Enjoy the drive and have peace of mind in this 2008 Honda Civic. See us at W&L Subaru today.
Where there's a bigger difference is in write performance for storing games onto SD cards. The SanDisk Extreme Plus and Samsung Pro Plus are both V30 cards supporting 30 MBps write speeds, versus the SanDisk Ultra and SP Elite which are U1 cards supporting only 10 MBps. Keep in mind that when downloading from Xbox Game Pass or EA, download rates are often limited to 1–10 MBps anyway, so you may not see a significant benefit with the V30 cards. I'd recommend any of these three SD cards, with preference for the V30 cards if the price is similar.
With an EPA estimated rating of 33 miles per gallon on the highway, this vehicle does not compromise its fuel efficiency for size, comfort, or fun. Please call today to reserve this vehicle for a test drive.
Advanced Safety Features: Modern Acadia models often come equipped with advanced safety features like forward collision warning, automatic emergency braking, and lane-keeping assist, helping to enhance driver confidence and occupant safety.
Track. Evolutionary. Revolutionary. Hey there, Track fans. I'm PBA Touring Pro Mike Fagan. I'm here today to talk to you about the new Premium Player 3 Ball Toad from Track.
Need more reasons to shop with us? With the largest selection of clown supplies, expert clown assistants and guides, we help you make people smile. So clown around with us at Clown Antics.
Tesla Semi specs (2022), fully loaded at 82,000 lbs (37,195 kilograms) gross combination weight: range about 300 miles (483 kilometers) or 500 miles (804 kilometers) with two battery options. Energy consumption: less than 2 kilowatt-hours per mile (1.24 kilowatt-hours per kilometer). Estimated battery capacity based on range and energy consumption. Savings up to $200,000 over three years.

+ + + + + + +

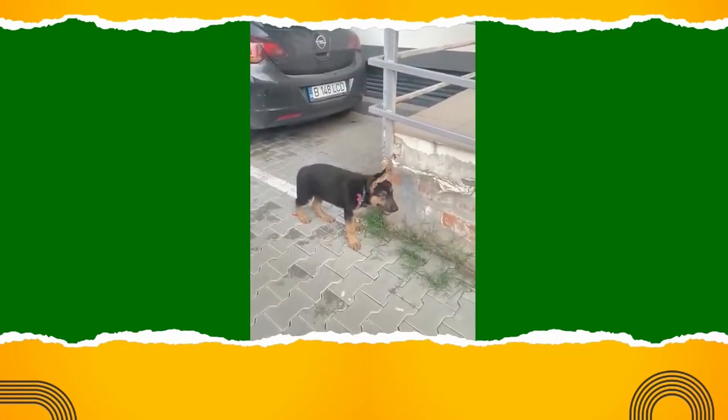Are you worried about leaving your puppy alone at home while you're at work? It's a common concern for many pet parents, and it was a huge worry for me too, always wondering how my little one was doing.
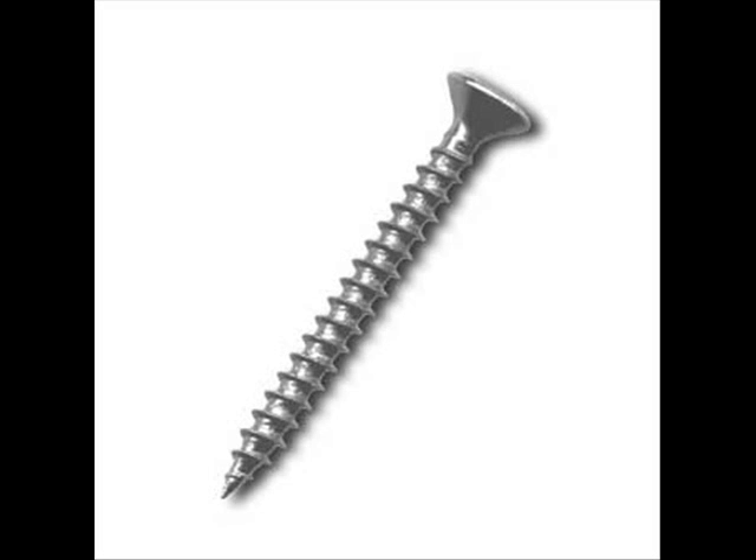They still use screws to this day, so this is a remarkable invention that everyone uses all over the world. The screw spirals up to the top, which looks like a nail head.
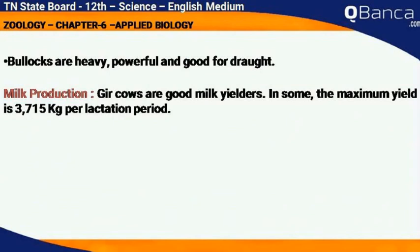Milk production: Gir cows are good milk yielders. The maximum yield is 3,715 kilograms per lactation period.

+ + + + + + +

YOUR GOAL
Beginning with the line above that contains "With an EPA", copy each line exactly up to and including the line that contains "Tesla Semi specs", and go no further.

OUTPUT FOR THIS EXERCISE
With an EPA estimated rating of 33 miles per gallon on the highway, this vehicle does not compromise its fuel efficiency for size, comfort, or fun. Please call today to reserve this vehicle for a test drive.
Advanced Safety Features: Modern Acadia models often come equipped with advanced safety features like forward collision warning, automatic emergency braking, and lane-keeping assist, helping to enhance driver confidence and occupant safety.
Track. Evolutionary. Revolutionary. Hey there, Track fans. I'm PBA Touring Pro Mike Fagan. I'm here today to talk to you about the new Premium Player 3 Ball Toad from Track.
Need more reasons to shop with us? With the largest selection of clown supplies, expert clown assistants and guides, we help you make people smile. So clown around with us at Clown Antics.
Tesla Semi specs (2022), fully loaded at 82,000 lbs (37,195 kilograms) gross combination weight: range about 300 miles (483 kilometers) or 500 miles (804 kilometers) with two battery options. Energy consumption: less than 2 kilowatt-hours per mile (1.24 kilowatt-hours per kilometer). Estimated battery capacity based on range and energy consumption. Savings up to $200,000 over three years.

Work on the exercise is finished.